Me gustaba también la versión de mí que estaba construyendo; meses atrás había tenido mi primer viaje en avión y ahora podía elegir entre un medio de transporte y otro… Mis horizontes y expectativas se ampliaban, al igual que lo hacía mi sentido de libertad y responsabilidad. Pero el aprendizaje apenas iniciaba.

La eficiencia del transporte público de Moscú era apabullante, pues se podía llegar en él al aeropuerto a pesar de la distancia. Estábamos contentas, pues el vuelo sería de unas dos horas máximo, según nuestros cálculos, nos evitaríamos incómoda pernocta en tren. La idea habría sido buena si hubiésemos considerado un ligero inconveniente: el estado del tiempo.

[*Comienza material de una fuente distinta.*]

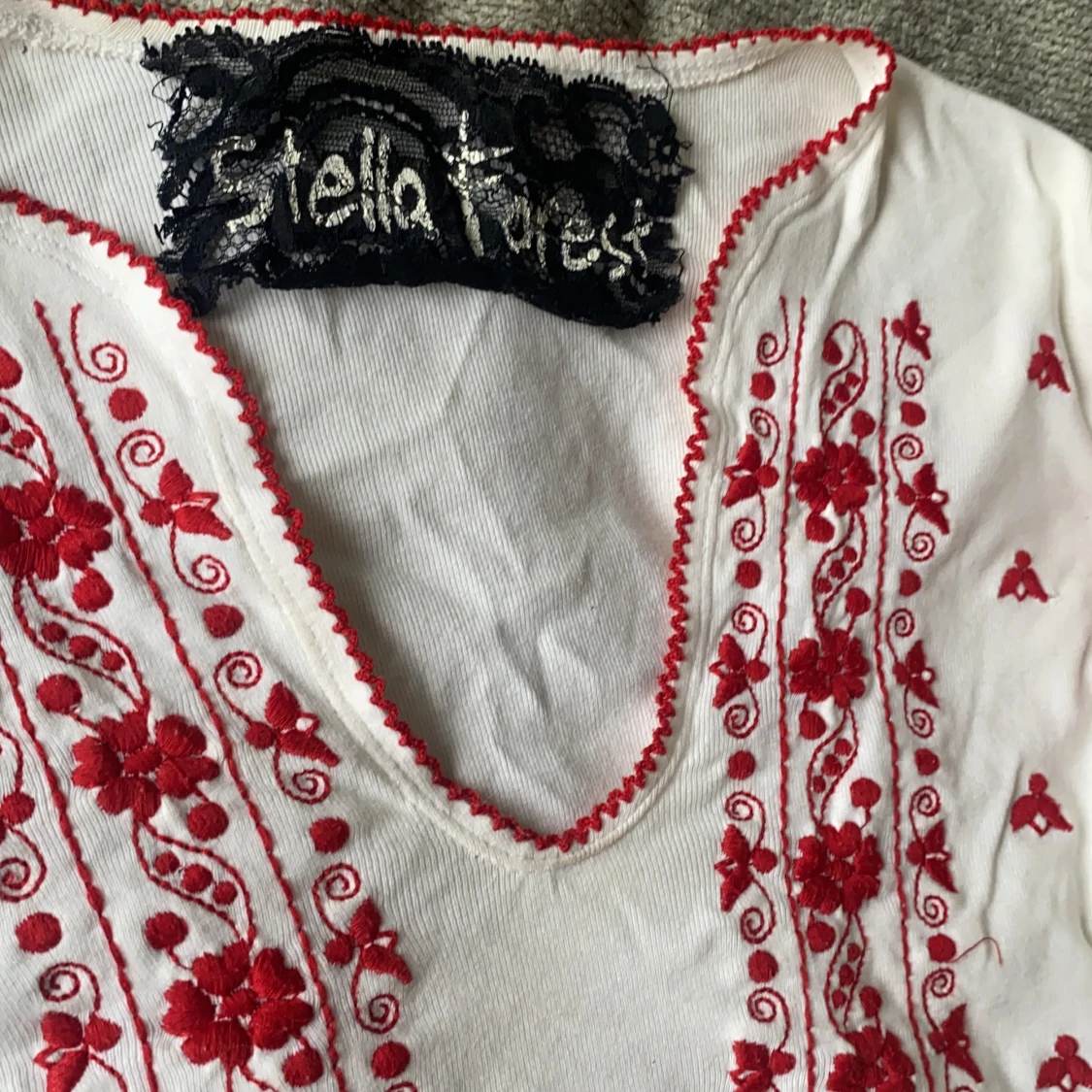 Stella Forest broderad top  - 91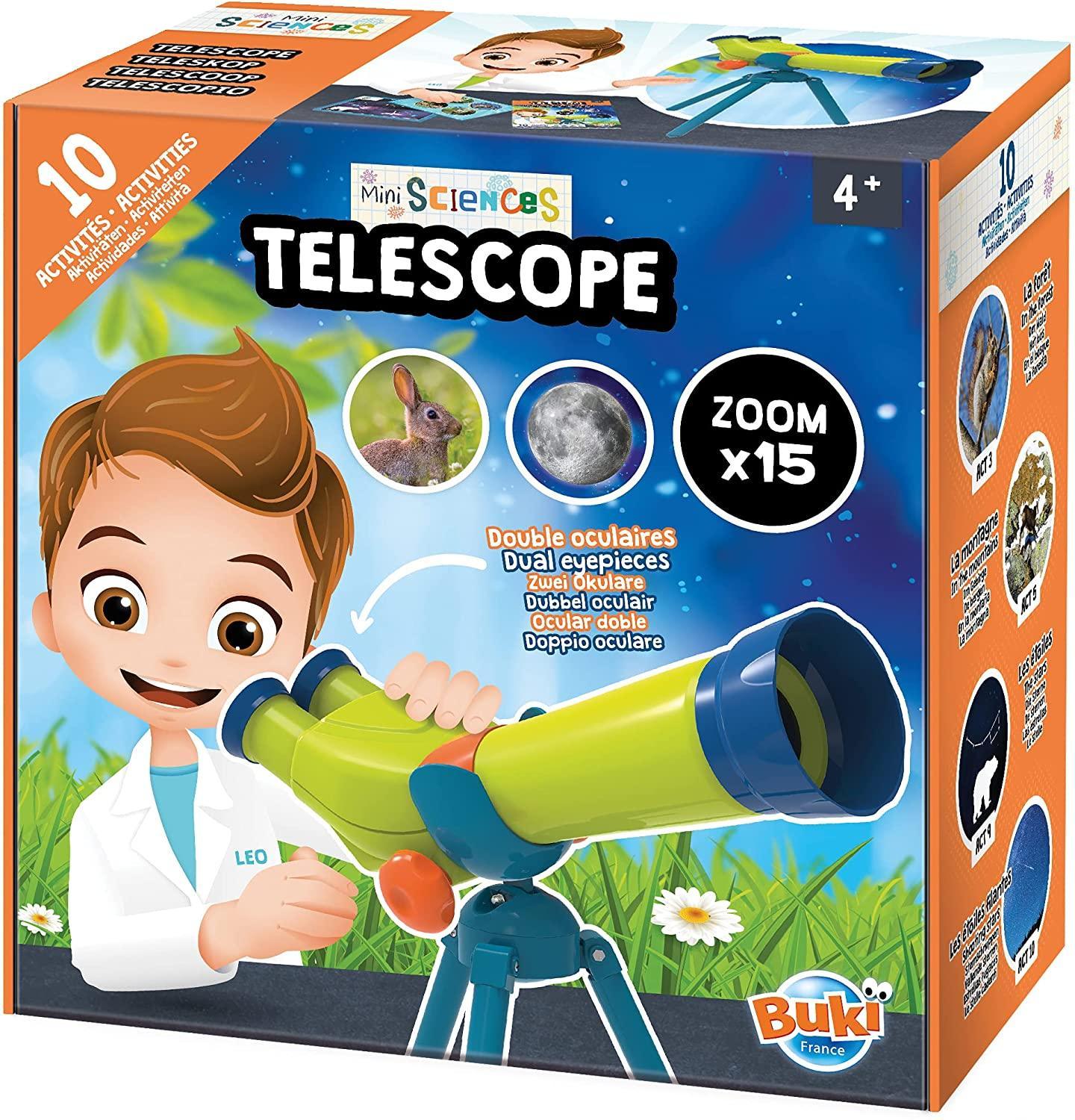 Télescope 30 activités - Buki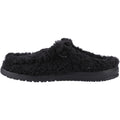 HEYDUDE Wally Synthetic Men's Black/Black Mules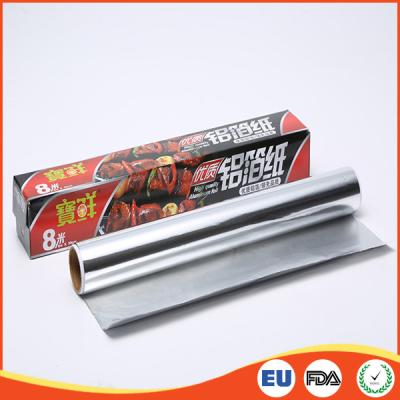 China Categoría alimenticia del papel de rollo del papel de aluminio del hogar para el estándar de cocinar/que cuece del SGS en venta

El vuelo comenzó bien, pero en el trayecto el panorama cambió debido a una fuerte nevada que nos impidió aterrizar directamente en Jarkov, por causa del mal tiempo el avión se desvió a otra ciudad, ubicada como a cuarenta minutos de nuestro destino. ¿Por qué no sabía de esto?, me preguntaba mientras lidiaba con un intenso dolor de cabeza, generado quizá por la fuerza de la calefacción, por el cambio tan repentino de altitud o quién sabe por qué rayos.

Si sumamos el tiempo de vuelo, el de desvío, el de espera y el de retorno a Jarkov, el tiempo ahorrado no valió todos los inconvenientes padecidos. Difícil fue nuestra curva de aprendizaje, todo era demasiado bueno para ser real. Aprendí bien mi lección y nunca más volví a buscar un viaje en avión a Moscú, después de todo, nada mejor para dormir que el arrullo del tren en movimiento.

Mi habitación y mi residencia eran mi todo, así que ansiaba llegar al hogar y descansar en mi pequeña cama. A pesar de cualquier inconveniente o dificultad estaba cómoda con mis elecciones, también estaba ávida de vivir ejerciendo esa libertad responsable que me otorgaba el vivir tan lejos de mi familia y país.

Aun cuando la vida continúa poniendo a prueba mi tenacidad, paciencia, inteligencia y perseverancia, todos los días se me presenta la oportunidad de ser y estar de manera íntegra, eso busco hacer cada día, si bien no siempre lo logro, de cada tropiezo o gran dificultad continúo generando valiosos aprendizajes y fortaleciendo mi actitud.